### TRY IT
Repeat the listing below exactly.

━━━━

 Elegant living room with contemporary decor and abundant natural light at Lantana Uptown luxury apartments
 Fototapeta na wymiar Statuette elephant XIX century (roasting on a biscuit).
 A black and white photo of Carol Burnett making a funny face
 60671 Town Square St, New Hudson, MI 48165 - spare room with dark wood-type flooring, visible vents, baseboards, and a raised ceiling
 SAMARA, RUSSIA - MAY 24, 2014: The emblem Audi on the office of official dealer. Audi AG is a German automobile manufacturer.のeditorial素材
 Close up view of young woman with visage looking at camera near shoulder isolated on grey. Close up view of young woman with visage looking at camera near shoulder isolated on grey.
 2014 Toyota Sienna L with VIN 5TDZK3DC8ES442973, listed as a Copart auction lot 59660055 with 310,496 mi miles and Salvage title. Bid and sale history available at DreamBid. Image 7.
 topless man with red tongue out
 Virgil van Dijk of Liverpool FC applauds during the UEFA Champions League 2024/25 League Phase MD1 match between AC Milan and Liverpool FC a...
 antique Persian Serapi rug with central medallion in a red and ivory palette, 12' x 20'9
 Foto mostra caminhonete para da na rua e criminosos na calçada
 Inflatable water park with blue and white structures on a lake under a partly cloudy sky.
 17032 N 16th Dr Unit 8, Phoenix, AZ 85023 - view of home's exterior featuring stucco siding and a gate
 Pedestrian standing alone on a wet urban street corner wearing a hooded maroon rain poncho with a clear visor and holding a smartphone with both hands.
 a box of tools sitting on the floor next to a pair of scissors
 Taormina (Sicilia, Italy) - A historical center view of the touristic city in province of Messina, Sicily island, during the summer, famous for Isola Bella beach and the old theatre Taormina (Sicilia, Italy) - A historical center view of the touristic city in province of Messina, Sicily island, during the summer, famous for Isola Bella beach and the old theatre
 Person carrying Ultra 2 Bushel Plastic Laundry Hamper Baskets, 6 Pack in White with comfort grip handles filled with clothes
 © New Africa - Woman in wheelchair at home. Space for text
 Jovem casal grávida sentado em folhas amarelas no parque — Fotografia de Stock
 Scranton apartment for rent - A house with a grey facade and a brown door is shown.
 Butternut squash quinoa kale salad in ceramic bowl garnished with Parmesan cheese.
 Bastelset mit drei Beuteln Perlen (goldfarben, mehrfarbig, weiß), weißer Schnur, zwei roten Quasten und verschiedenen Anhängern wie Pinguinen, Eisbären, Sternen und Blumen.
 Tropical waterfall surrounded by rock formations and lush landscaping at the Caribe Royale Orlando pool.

━━━━

### OUTPUT
 Elegant living room with contemporary decor and abundant natural light at Lantana Uptown luxury apartments
 Fototapeta na wymiar Statuette elephant XIX century (roasting on a biscuit).
 A black and white photo of Carol Burnett making a funny face
 60671 Town Square St, New Hudson, MI 48165 - spare room with dark wood-type flooring, visible vents, baseboards, and a raised ceiling
 SAMARA, RUSSIA - MAY 24, 2014: The emblem Audi on the office of official dealer. Audi AG is a German automobile manufacturer.のeditorial素材
 Close up view of young woman with visage looking at camera near shoulder isolated on grey. Close up view of young woman with visage looking at camera near shoulder isolated on grey.
 2014 Toyota Sienna L with VIN 5TDZK3DC8ES442973, listed as a Copart auction lot 59660055 with 310,496 mi miles and Salvage title. Bid and sale history available at DreamBid. Image 7.
 topless man with red tongue out
 Virgil van Dijk of Liverpool FC applauds during the UEFA Champions League 2024/25 League Phase MD1 match between AC Milan and Liverpool FC a...
 antique Persian Serapi rug with central medallion in a red and ivory palette, 12' x 20'9
 Foto mostra caminhonete para da na rua e criminosos na calçada
 Inflatable water park with blue and white structures on a lake under a partly cloudy sky.
 17032 N 16th Dr Unit 8, Phoenix, AZ 85023 - view of home's exterior featuring stucco siding and a gate
 Pedestrian standing alone on a wet urban street corner wearing a hooded maroon rain poncho with a clear visor and holding a smartphone with both hands.
 a box of tools sitting on the floor next to a pair of scissors
 Taormina (Sicilia, Italy) - A historical center view of the touristic city in province of Messina, Sicily island, during the summer, famous for Isola Bella beach and the old theatre Taormina (Sicilia, Italy) - A historical center view of the touristic city in province of Messina, Sicily island, during the summer, famous for Isola Bella beach and the old theatre
 Person carrying Ultra 2 Bushel Plastic Laundry Hamper Baskets, 6 Pack in White with comfort grip handles filled with clothes
 © New Africa - Woman in wheelchair at home. Space for text
 Jovem casal grávida sentado em folhas amarelas no parque — Fotografia de Stock
 Scranton apartment for rent - A house with a grey facade and a brown door is shown.
 Butternut squash quinoa kale salad in ceramic bowl garnished with Parmesan cheese.
 Bastelset mit drei Beuteln Perlen (goldfarben, mehrfarbig, weiß), weißer Schnur, zwei roten Quasten und verschiedenen Anhängern wie Pinguinen, Eisbären, Sternen und Blumen.
 Tropical waterfall surrounded by rock formations and lush landscaping at the Caribe Royale Orlando pool.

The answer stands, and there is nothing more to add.